= Fiscal populism =

Political ideology

Fiscal populism is a political ideology that promotes increased government spending and tax cuts while downplaying fiscal conservatism, long-term budgetary sustainability, or austerity-oriented fiscal consolidation strategies.

This approach is often employed to achieve short-term political objectives such as gaining electoral support or maintaining political power. Policies driven by fiscal populism tend to prioritize short-term economic growth and the provision of voter-friendly benefits, which can result in growing fiscal deficits, rising public debt, and structural fiscal imbalances. In contrast, austerity seeks to restore fiscal soundness through spending cuts and tax increases, whereas fiscal populism, by prioritizing popularity, carries the risk of undermining long-term fiscal stability.

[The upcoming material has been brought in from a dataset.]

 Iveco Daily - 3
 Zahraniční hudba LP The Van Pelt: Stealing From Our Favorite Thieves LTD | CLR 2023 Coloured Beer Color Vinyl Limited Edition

==Fiscal populism by country==
===Spain===
In Spain, Isabel Díaz Ayuso, the President of the Community of Madrid and a rising figure in the conservative People’s Party (PP), has strongly criticized the governing Spanish Socialist Workers' Party (PSOE) under Prime Minister Pedro Sánchez, accusing it of following a populist fiscal model similar to Peronism in Argentina. The controversy arose in the Madrid regional parliament during debates over the Sánchez administration’s proposal to introduce a new wealth tax aimed at funding subsidies for energy costs and housing, with the goal of fiscal redistribution. Ayuso labeled the proposed tax as an instance of fiscal populism, asserting that it represents a shift towards a "Peronist-style government" in Spain. She argued that the government’s approach involves "extracting money from citizens and redistributing it through direct grants, subsidies, and aid programs," and warned against the establishment of what she called "decadent economic policies" that have led to economic instability in various countries. According to Ayuso, these measures risk undermining the financial sustainability of Spain's small and medium-sized enterprises (SMEs), whose profit margins are already squeezed by rising costs. Emphasizing a contrast between populist redistribution and economic freedom, she stated that "the people of Spain want the freedom to pursue their own goals, make decisions with their own savings, and build their future without state overreach." Ayuso warned that fiscal populism, as seen in other nations, could lead to increased bankruptcies and threaten employment stability in Spain.

===Japan===
The Democratic Party of Japan, which came to power in 2009, won power by writing a manifesto that included many policies aimed at the people, but failed to realize these policies because it could not support its finances.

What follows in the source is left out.